Comment qualifier cette musique russe ? Il y a d’abord un sens de la mélodie aussi développé que celui des italiens, c’est dire ! Ça monte, ça descend, ça fait vibrer les instruments et les oreilles, quelle plaisir que ces mélodies russes dans cette langue si jolie ! Il y a ensuite une manière d’harmoniser bien particulière. Que veut dire harmoniser ? En voici l’explication par l’exemple. (Chloé fait chanter l’orchestre C) . Donc il y a une manière russe de faire sonner les mélodies en choisissant des accords, des changements de tonalité. Vous verrez grâce à ce trio de Rachmaninov les deux aspects. La mélodie est d’abord exposée au piano, avec de beaux accords assez spéciaux. Ensuite, elle sera reprise par le violoncelle puis le violon, avec un lyrisme romantique, c’est à dire une manière de jouer comme si on chantait à pleine voix avec des larmes et des soupirs émouvants plain la voix. Et comme ça ne suffit pas pour émouvoir les coeurs durs que vous êtes, il y aura une deuxième mélodie encore plus touchante, puis un énervement général. Le morceau se terminera avec une marche funèbre.
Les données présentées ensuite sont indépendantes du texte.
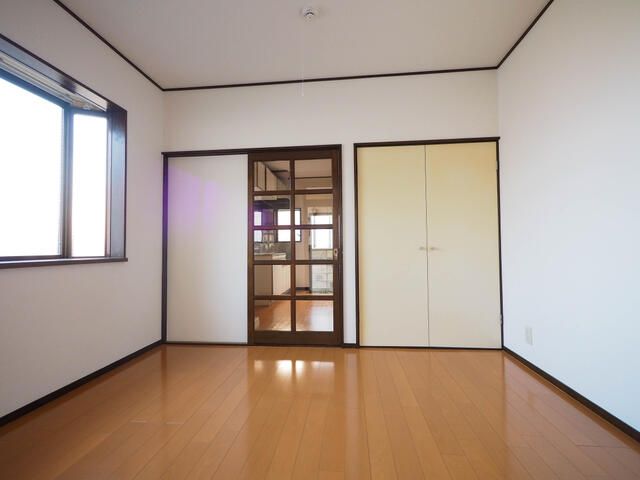 サンライズⅡ ベッドルーム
Trio élégiaque de Rachmaninov

(Alice Gerbaud, Pierre Tran,

Chloé Amiel de Ménard)

Le roi de la mélodie, toutes époques et nationalités confondues, étant notre ami Tchaïkowski, les violoncellistes vont jouer une adaptation de la célèbre valse du lac des cygnes, qui semple particulièrement adapté à l’instrument : un cygne n’est-il pas un gros oiseau balourd sur la terre qui nage avec grâce et beauté ? Regardez danser nos violoncellistes...

Valse du Lac des Cygnes

(ensemble de violoncelles)

Autre mélodie de Tchaïkovski, pour le chant cette fois et écrite en français (alors que depuis la naissance de la musique russe, tous les opéras sont en russes et plus en italien, et que les Russes sont devenus fiers de leur culture et de leur langue). Une mélodie simple comme une comptine d’enfants et bâtie sur une gamme est répétée 7 fois avec quelques variantes. Au milieu, le souffle de la passion romantique s’empare des chanteurs qui deviennent terribles....
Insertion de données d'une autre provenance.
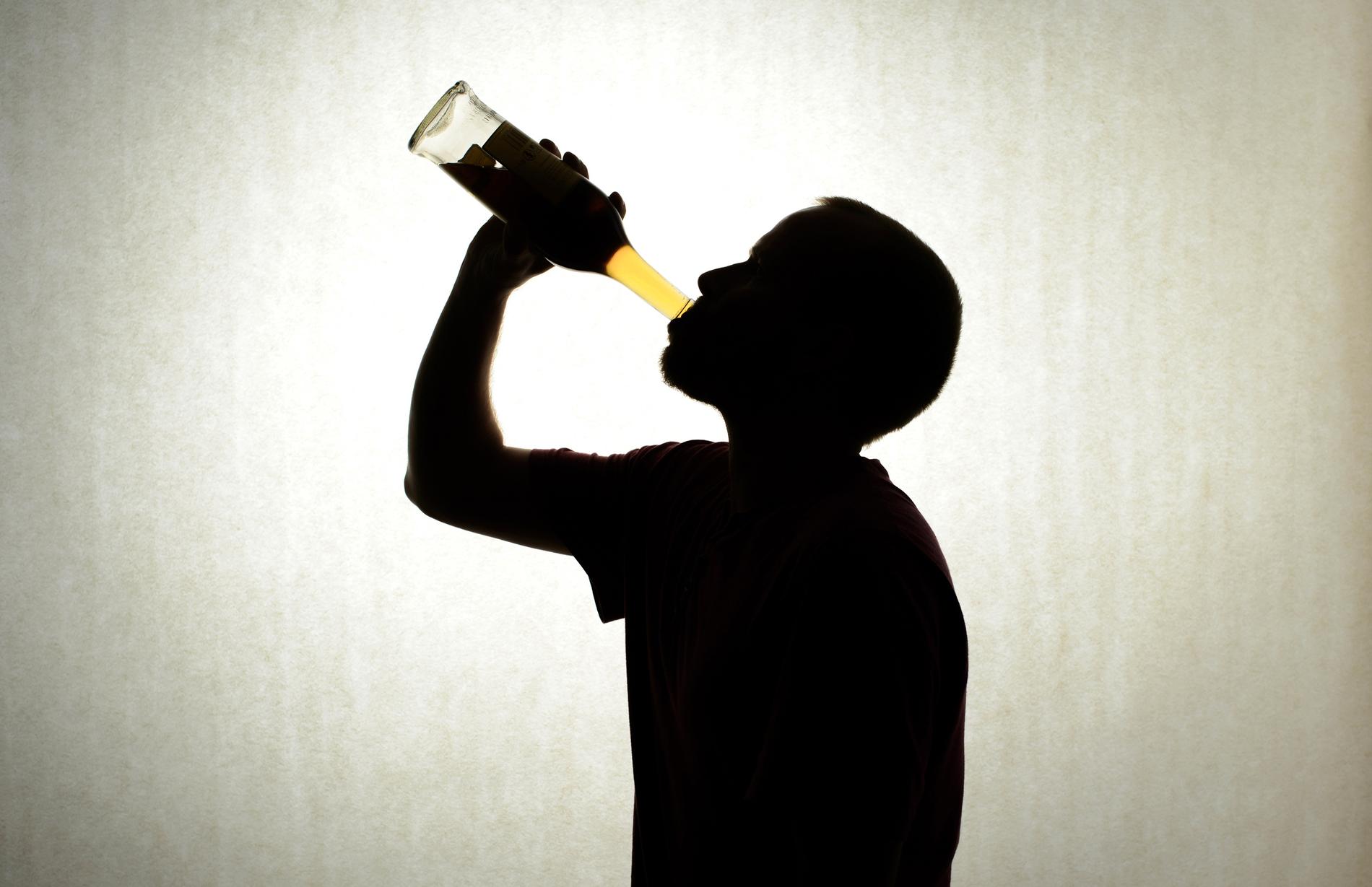 Coronakrisen har ökat behovet av samtalsstöd för alkoholkonsumtion – en folkhälsobomb i smittans skugga.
Sérénade, chanson en français de Tchaïkovski

(orchestre D)

Pour finir, une chanson traditionnelle harmonisée à 3 voix (un dicton russe dit que si on réunit 4 Russes dans une salle, ils se mettront immédiatement et en improvisant à chanter à 4 voix, toutes différentes !)

La chanson parle du bouleau, l’arbre emblématique de la steppe et Toundra sibérienne. Il symbolise l’axe du monde, évoque l’innocence. J’espère que vous saurez apprécier la douceur de la mélodie et de la langue,et le talent des chanteurs qui habillent la mélodie de couleurs russes différentes à chaque couplet.